De quoi s’écrier, en paraphrasant Tintin : « Vive la Belgique et les pommes de terre frites ! »

PÉTRONE


Florilège :

« Laissons à Dieu le soin d’assurer son propre salut. »

« L’économie mondiale demeure une notion abstraite aussi longtemps que l’on ne possède pas un compte en banque. » (Achille Chavée, par ailleurs marxiste)

« La poésie est une pipe. »

« Le surréalisme, c’est la connaissance immédiate du réel. » (René Magritte)

« Souvent, au lieu de penser, on se fait des idées. »

« Il faut regarder la vie en farce. » (Louis Scutenaire)

« Trouvez donc aux paroles la saveur d’une bouche. »

« Voir est un acte : l’œil voit comme la main prend. » (Paul Nougé)

« Le nez est l’idiot du visage. »

« La musique adoucit les morts. » (Marcel Mariën)

« Si les lentilles vous font péter, portez des lunettes. »

« Le 1er janvier 1945 à Hiroshima, les gens s’étaient souhaité une bonne et heureuse année. » (Philippe Geluck)

Quelques titres des ouvrages de Jean-Pierre Verheggen : Le degré Zorro de l’écriture (1978), Divan le terrible (1979), Ninietzsche, Peau d’chien (1983), Artaud Rimbur (1990), Ridiculum vitae (1994), Debord, les mous (1996), L’oral et hardi (2001), Metz in Japan (2005), L’idiot du vieil-âge (2006), Le dernier qui sort éteint la lumière et ferme l’aorte (2009), Un jour, je serai Prix Nobelge (2013)…

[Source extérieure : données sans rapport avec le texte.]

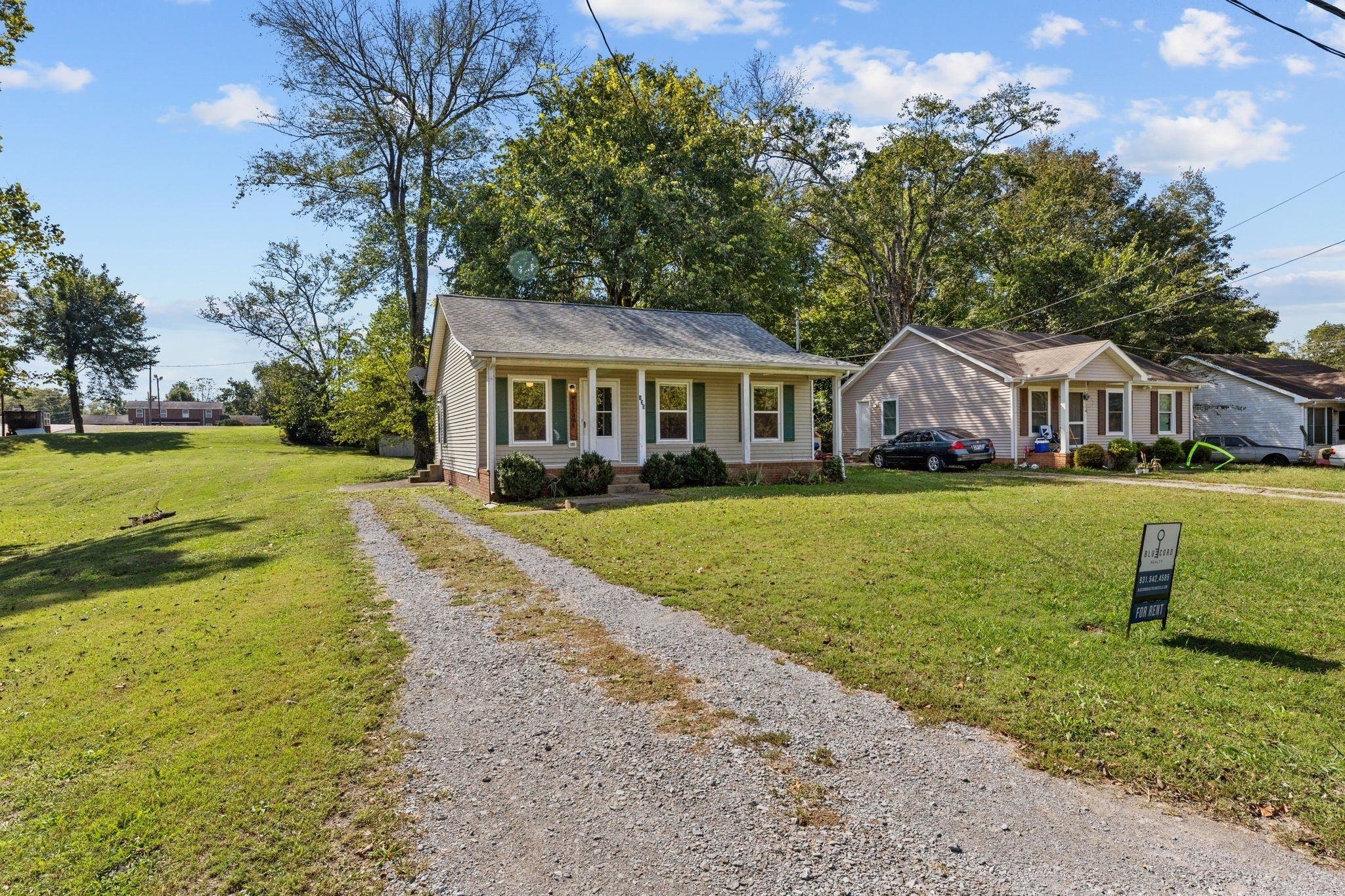 Photo of Listing #3079177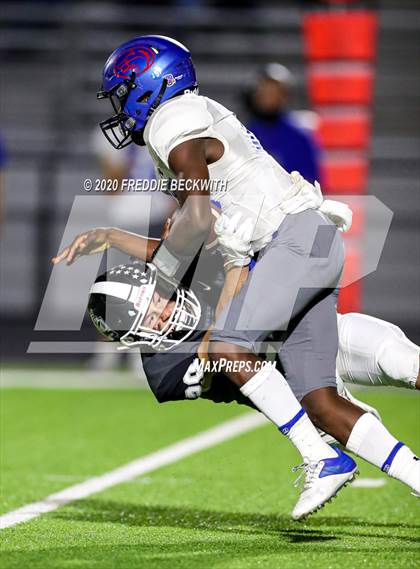 Thumbnail 3 in Wolfe City @ Lindsay (UIL 2A D1 Bi-District) photogallery.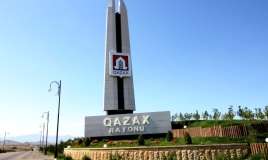 Qazaxda maskalı şəxs evə basqın etdi -  Yaralananlar var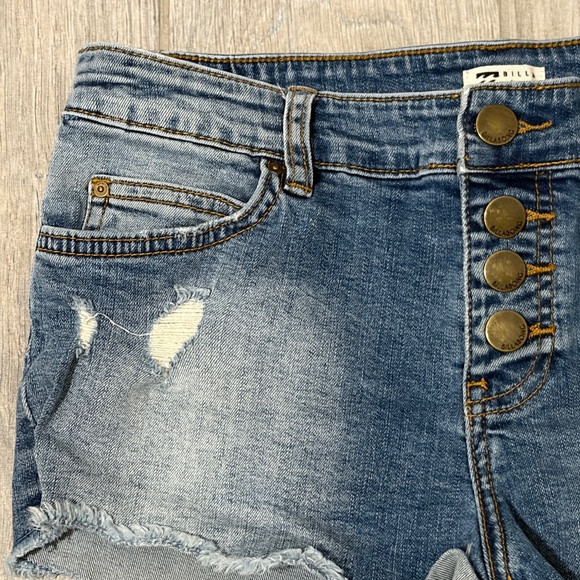 Billabong Pants - LIKE NEW! Women's Billabong Distressed, Button Fly Jean Shorts - 26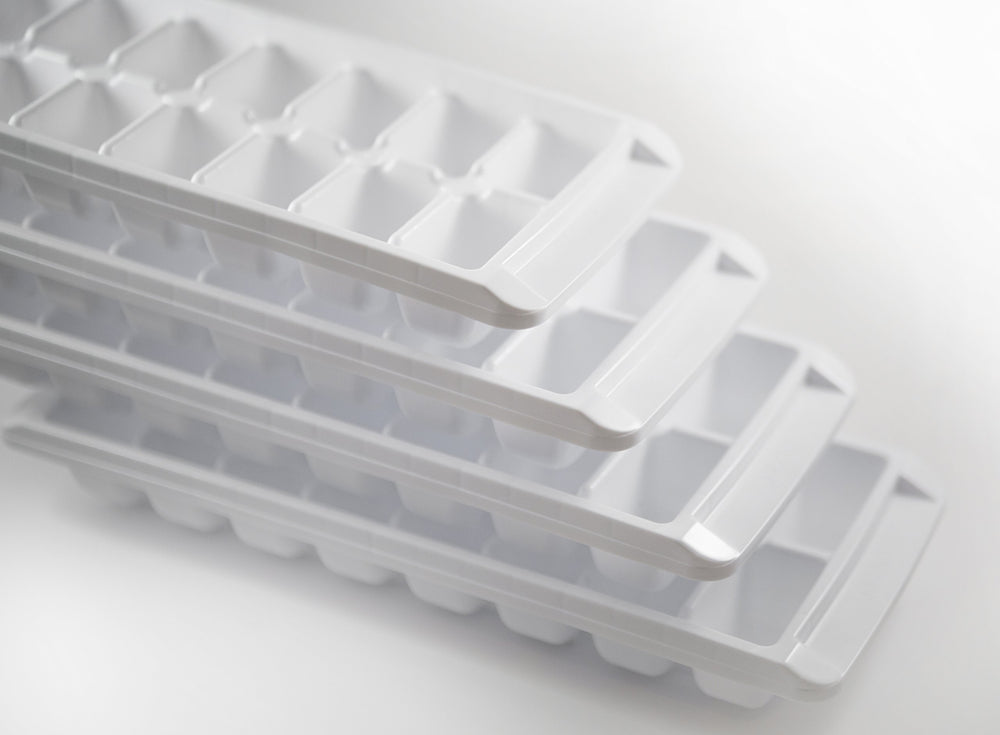 Kitch cubos extraídos en primer plano listos para bebidas frías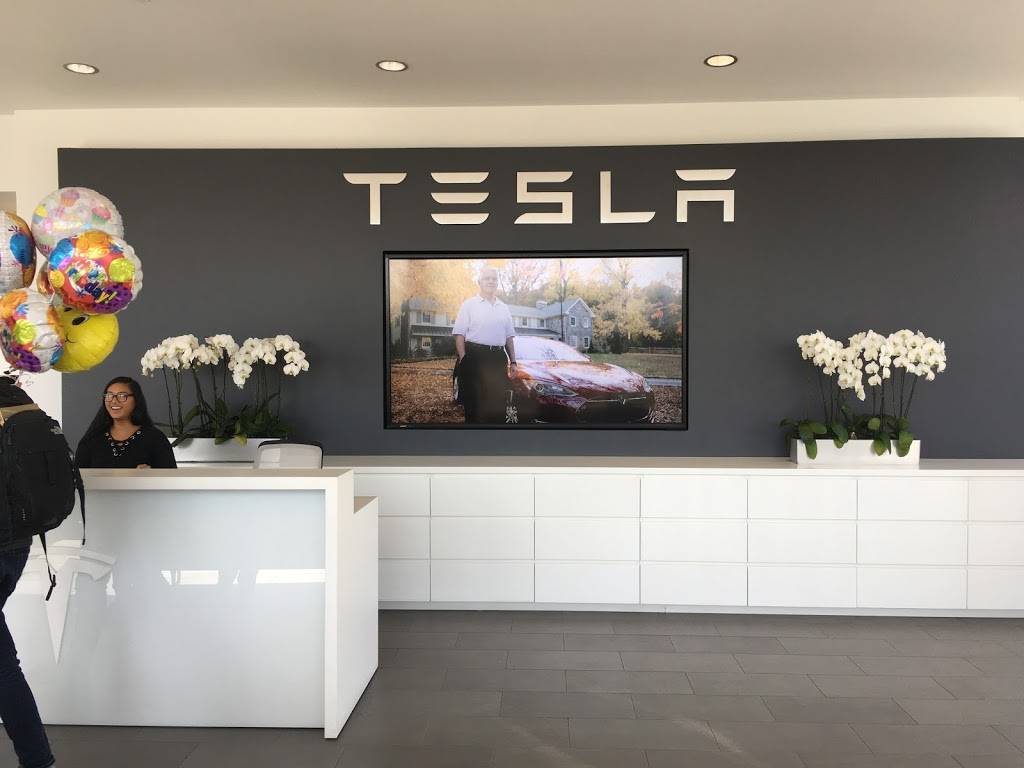 Tesla Service Center | 48370 Kato Rd, Fremont, CA 94538, USA | Phone: (510) 249-3650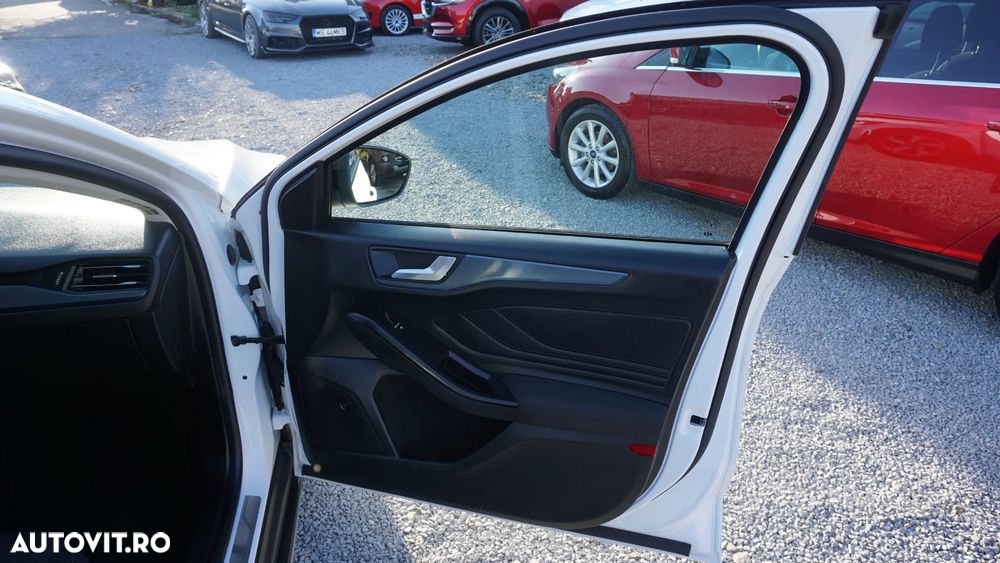 Ford Focus 1.0 EcoBoost MHEV Active - 10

Propos surréalistes de politiciens belges :

Signature de Jean-Luc Dehaene, Moscou, 1998.

Avant le vote du référendum sur le traité de Lisbonne, Jean-Luc Dehaene a déclaré : « Si le résultat est non, il faudra revoter, car il faut absolument que ce soit oui ».

« Il n’y a aucune préoccupation particulière à propos de Dexia » (Yves Leterme, juste avant la faillite)

« Me retrouver ici, sur le banc des accusés, c’est triste ». (Jean-Claude Van Cauwenberghe au parlement wallon le 04/03/2013)


[1] Qui assurait d’ailleurs que « ce qu’il y a d’admirable dans le fantastique, c’est qu’il n’y a plus de fantastique : il n’y a que le réel ».